大体稳定的漕项钱粮在清代财政史上的地位日益受到重视。清前中期岁入恒以地丁、盐课、关税为大端,兼列杂赋、耗羡、捐纳等项,据《清史稿·食货志》,清中期岁入银4000万两上下(96),以乾隆十八年(1753)奏销册计,岁入各款依次为:田赋(地丁)银29611201两(97),盐课5560540两(98),关税4324005两(99),杂赋(芦课、茶课、矿课、鱼课、契税、牙税、马牛税、猪羊税、落地税等)约一百三四十万两(100)。据以上所列岁入银数和岁入各款,乾隆十八年漕项银约占清中期国家岁入二十分之一,约相当地丁7%、盐课36%、关税46%,而比杂赋多数十万两,如漕项米全部折银,所占比重相应还要增大。从有漕省份来看,清前中期浙江杭、嘉、湖三府漕项银常在73万两,约占该省额征地丁银130余万两的54%。(101)同治初,江苏苏、松、常、镇、太四府一州地丁岁额银140余万两,而漕项银岁额60万两,漕项银大约相当地丁42%。(102)然漕项一款由于其征解、支用及奏销的特殊性,长期未列入国家财政岁入各项,而岁出诸项亦不载办漕经费。迨晚清时移势易,湖广赣皖等省漕粮改折,河运事实上已经停止,继续征收的漕项随之失去“办漕经费”的本义,而演化成为国家每年固定的一项财政收入,光绪十七年(1891)户部遂根据财政结构变化更定岁出岁入各款目,漕项始正式列入“常例征收”款目,据称“此次所办册籍,以地丁、杂赋、地租、粮折、漕折、漕项、耗羡、盐课、常税、生息等十项为常例征收。”(103)《清朝续文献通考》引据日本人根岸佶的统计,漕项与地丁本折、粮折、租课、盐税、百货厘金、土药、杂税、杂款、海关税、旧关一起,同列20世纪初中国“岁入科目”(104)。
四 征解与考成
(一)例不蠲免
漕粮、漕项与地丁不同,遇灾“从无蠲免之例”(105),“间有蠲免,乃出特恩”(106);较之漕粮更为严苛的是,漕粮偶或遇蠲,“随漕等项银两例应照额征解”,“其赠贴、行月米石照数征米运通。”(107)可见作为办运经费的漕项甚至比号称“天庾正供”的漕粮还须臾不可离。

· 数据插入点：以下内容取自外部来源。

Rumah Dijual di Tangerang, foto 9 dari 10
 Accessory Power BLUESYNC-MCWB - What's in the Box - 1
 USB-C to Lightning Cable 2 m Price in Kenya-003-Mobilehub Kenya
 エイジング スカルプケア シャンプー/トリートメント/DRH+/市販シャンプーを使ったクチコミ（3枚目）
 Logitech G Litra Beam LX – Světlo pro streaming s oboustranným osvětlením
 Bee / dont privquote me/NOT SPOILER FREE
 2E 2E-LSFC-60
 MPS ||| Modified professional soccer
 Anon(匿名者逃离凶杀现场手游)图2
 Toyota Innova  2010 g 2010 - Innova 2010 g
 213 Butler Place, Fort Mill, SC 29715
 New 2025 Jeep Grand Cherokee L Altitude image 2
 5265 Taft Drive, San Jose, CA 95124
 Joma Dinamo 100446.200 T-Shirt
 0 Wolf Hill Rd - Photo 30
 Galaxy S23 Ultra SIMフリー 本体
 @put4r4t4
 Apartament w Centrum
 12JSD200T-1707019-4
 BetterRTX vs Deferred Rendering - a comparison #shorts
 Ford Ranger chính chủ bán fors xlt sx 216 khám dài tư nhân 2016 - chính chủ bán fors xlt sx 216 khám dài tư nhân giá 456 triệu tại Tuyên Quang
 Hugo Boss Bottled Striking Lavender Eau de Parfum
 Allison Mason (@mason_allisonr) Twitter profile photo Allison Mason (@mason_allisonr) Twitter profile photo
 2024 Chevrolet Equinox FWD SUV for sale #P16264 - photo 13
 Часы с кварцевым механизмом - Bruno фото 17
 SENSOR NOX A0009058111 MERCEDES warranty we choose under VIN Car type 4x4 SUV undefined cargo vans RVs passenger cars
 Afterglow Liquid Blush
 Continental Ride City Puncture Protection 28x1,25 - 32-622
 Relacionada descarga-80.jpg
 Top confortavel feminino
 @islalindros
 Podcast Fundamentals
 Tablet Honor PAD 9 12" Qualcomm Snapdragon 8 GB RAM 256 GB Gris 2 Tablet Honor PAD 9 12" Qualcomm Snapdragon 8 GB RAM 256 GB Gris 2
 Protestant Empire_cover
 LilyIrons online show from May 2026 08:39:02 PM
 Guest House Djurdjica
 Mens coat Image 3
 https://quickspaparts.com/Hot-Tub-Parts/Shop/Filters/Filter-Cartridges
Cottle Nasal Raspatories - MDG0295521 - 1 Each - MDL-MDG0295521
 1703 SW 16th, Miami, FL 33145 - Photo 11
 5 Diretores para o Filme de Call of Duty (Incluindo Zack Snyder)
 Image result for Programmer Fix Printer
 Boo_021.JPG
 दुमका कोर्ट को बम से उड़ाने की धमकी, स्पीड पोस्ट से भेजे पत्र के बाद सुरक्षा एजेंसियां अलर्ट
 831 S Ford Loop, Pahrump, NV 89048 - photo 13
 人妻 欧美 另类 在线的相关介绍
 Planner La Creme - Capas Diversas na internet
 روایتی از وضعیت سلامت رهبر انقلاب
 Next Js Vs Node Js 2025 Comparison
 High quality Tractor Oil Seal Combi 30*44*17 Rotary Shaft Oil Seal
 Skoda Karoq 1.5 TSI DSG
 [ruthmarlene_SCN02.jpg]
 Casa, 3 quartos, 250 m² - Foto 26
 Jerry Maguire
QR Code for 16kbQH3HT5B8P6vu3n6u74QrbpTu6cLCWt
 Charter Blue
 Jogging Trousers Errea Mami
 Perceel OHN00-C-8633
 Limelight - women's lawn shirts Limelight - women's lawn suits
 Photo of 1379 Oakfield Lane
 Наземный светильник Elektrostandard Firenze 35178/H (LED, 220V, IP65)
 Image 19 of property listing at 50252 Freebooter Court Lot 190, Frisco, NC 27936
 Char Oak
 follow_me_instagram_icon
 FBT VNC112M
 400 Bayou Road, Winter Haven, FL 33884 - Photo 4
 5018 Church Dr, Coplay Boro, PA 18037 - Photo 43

漕项例不豁免,作为因灾蠲免的政策原则,在实际操作时控制极严苛,凡属以下情况,漕项银米皆不议减:其一,向例蠲免漕粮之年,“其随漕银米”,除“停运丁船例给减半本折月粮,在漕项款内动支,余存银米报部拨用”(108);其二,蠲免节年民欠额赋时,“亦不及漕项”(109);其三,截留漕粮平粜时,所卖钱文,“系漕项钱粮,或易银解部,或搭放兵饷”(110);其四,漕粮遇有改折,“其随漕轻赍、席木、赠截等项银两例应照数征解”,“给军行月、赠耗等米,如遇改折,一例按照时价折征”(111);其五,咸丰年间,南漕停运,但名为“济运”的漕项丝毫“不得短少”(112),其“漕南水脚及随漕等项银两”,“均解交道库报拨”(113),而江西循例留支州县办漕脚耗银米,户部严令“既不办运,均应停给,节省解部”(114);其六,同治四年(1865)江浙大幅裁减漕额,“漕项银两并未议减”,所有减漕项下轻赍、席木等银,另列专款,征解部库,随漕轻赍、席木等银仍径解仓场(115);其七,漕项下若有因故废止之款,则作为解部之项,仍旧征收。(116)总之,办理漕务时固然要征解漕项,无须办漕时也要如数征解漕项。道咸以降,大故迭起,漕粮不能征足洵属常态,(117)随漕额征的漕项却能长期保持大体稳定也就不难理解了。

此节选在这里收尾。